• _WHAT TO WORK ON_: From the first line to the last, repeat the data exactly and drop the pictures.

• _SOURCE DATA_:
——

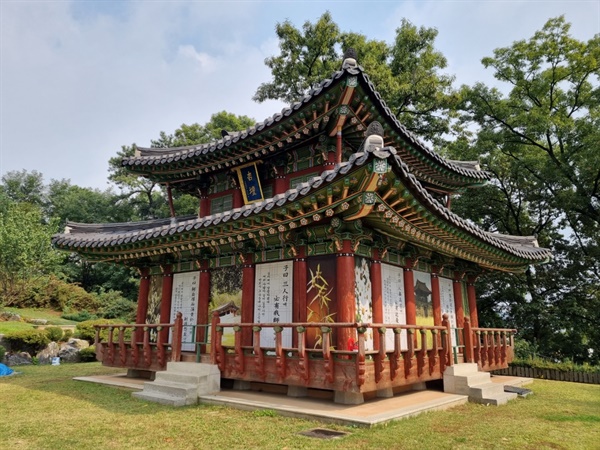 중국 곡부의 행단과 비슷하게 만든 궐리사의 행단 공자가 제자를 가르치던 중국 곡부의 행단을 본떠 만든 궐리사의 행단이다. 현재 1층은 청소년들을 가르치는 학습관으로 사용되고 2층은 고문서를 보관하고 있다.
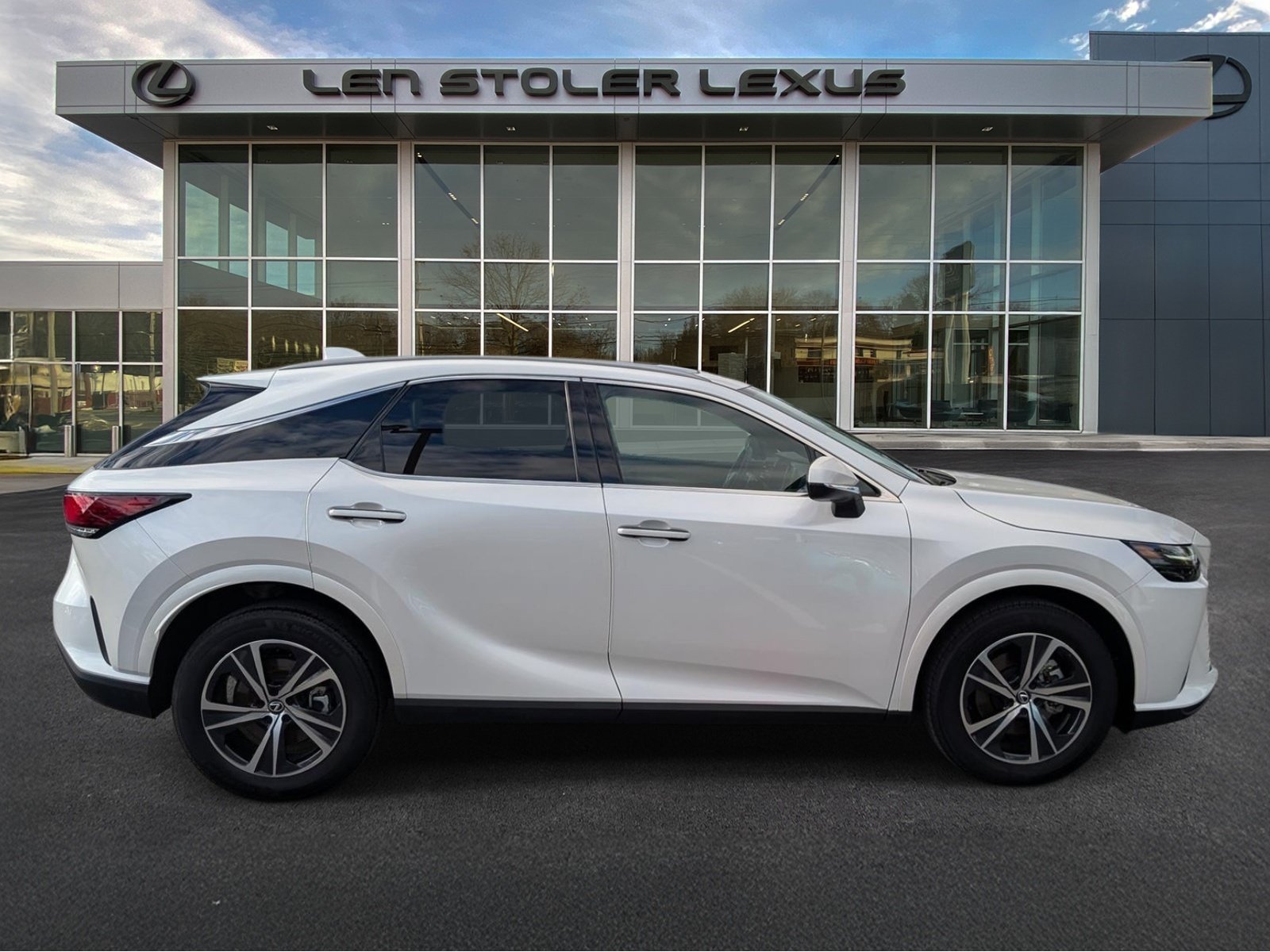 Used 2024 Lexus RX 350 Premium w/ Accessory Package (Z1) AWD/4WD image 2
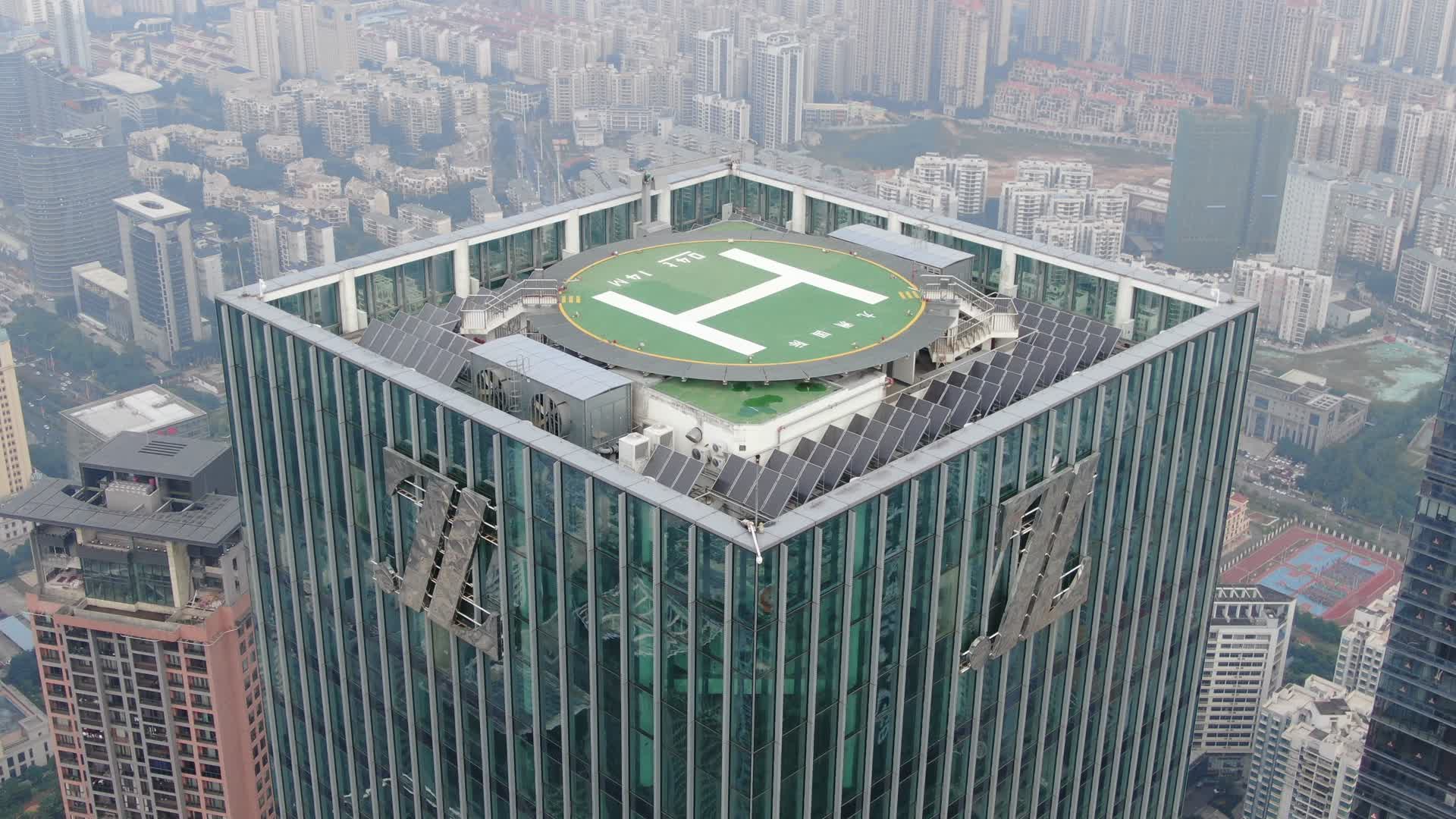 航拍城市高楼停机坪视频的预览图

——

• _WRITTEN RESPONSE_:
 중국 곡부의 행단과 비슷하게 만든 궐리사의 행단 공자가 제자를 가르치던 중국 곡부의 행단을 본떠 만든 궐리사의 행단이다. 현재 1층은 청소년들을 가르치는 학습관으로 사용되고 2층은 고문서를 보관하고 있다.
 Used 2024 Lexus RX 350 Premium w/ Accessory Package (Z1) AWD/4WD image 2
 航拍城市高楼停机坪视频的预览图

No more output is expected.